C++ Boost ASIO: how to read/write with a timeout?

Stéphane picture Stéphane · Dec 29, 2010 · Viewed 15.6k times · Source

From reading other Stack Overflow entries and the boost::asio documentation, I've confirmed that there is no synchronous ASIO read/write calls that also provide an easy-to-use timeout as a parameter to the call.

I'm in the middle of converting an old-school Linux socket application with select(2) calls that employs timeouts, and I need to do more-or-less the same.

So what is the best way to do this in boost::asio? Looking at the asio documentation, there are many confusing examples of various things to do with timers, but I'm quite confused.

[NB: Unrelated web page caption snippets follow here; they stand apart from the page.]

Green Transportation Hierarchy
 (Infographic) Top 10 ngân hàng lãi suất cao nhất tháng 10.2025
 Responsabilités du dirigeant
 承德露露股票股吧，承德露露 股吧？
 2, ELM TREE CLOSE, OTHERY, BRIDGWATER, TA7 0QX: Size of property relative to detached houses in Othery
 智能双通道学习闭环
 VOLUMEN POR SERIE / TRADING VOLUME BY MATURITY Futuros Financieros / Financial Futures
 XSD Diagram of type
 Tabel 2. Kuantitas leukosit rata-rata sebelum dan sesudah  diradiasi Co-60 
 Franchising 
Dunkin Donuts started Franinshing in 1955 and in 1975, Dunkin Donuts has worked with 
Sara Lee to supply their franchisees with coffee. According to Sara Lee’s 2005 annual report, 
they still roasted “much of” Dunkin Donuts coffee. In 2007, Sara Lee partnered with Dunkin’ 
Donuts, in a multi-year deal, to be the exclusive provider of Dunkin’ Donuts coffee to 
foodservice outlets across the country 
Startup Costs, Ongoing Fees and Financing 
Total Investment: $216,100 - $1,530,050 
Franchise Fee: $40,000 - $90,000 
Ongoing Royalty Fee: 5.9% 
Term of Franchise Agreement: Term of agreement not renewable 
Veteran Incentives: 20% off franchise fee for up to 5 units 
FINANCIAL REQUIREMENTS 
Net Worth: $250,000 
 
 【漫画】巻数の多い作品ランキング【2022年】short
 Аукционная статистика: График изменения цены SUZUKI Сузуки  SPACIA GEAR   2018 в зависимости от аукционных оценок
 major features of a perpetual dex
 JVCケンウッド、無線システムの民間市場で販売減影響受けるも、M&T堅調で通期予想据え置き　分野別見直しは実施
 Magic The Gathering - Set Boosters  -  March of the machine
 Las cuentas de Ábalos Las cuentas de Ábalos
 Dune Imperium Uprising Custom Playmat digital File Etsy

I'd love to see a simple-to-read example of this: Read from a socket, but wait for a maximum of X seconds after which the function either returns with nothing, or returns with whatever it was able to read from the socket before the timeout expired.

Answer

Sam Miller picture Sam Miller · Dec 29, 2010

This has been brought up on the asio mailing lists, there's a ticket requesting the feature as well. To summarize, it is suggested to use asynchronous methods if you desire timeouts and cancellability.


If you cannot convert to asynchronous methods, you might try the SO_RCVTIMEO and SO_SNDTIMEO socket options. They can be set with setsockopt, the descriptor can be obtained with the boost::asio::ip::tcp::socket::native method. The man 7 socket man page says

SO_RCVTIMEO and SO_SNDTIMEO Specify the receiving or sending timeouts until reporting an error. The argument is a struct timeval. If an input or output function blocks for this period of time, and data has been sent or received, the return value of that function will be the amount of data transferred; if no data has been transferred and the timeout has been reached then -1 is returned with errno set to EAGAIN or EWOULDBLOCK just as if the socket was specified to be non-blocking. If the timeout is set to zero (the default) then the operation will never timeout. Timeouts only have effect for system calls that perform socket I/O (e.g., read(2), recvmsg(2), send(2), sendmsg(2)); timeouts have no effect for select(2), poll(2), epoll_wait(2), etc.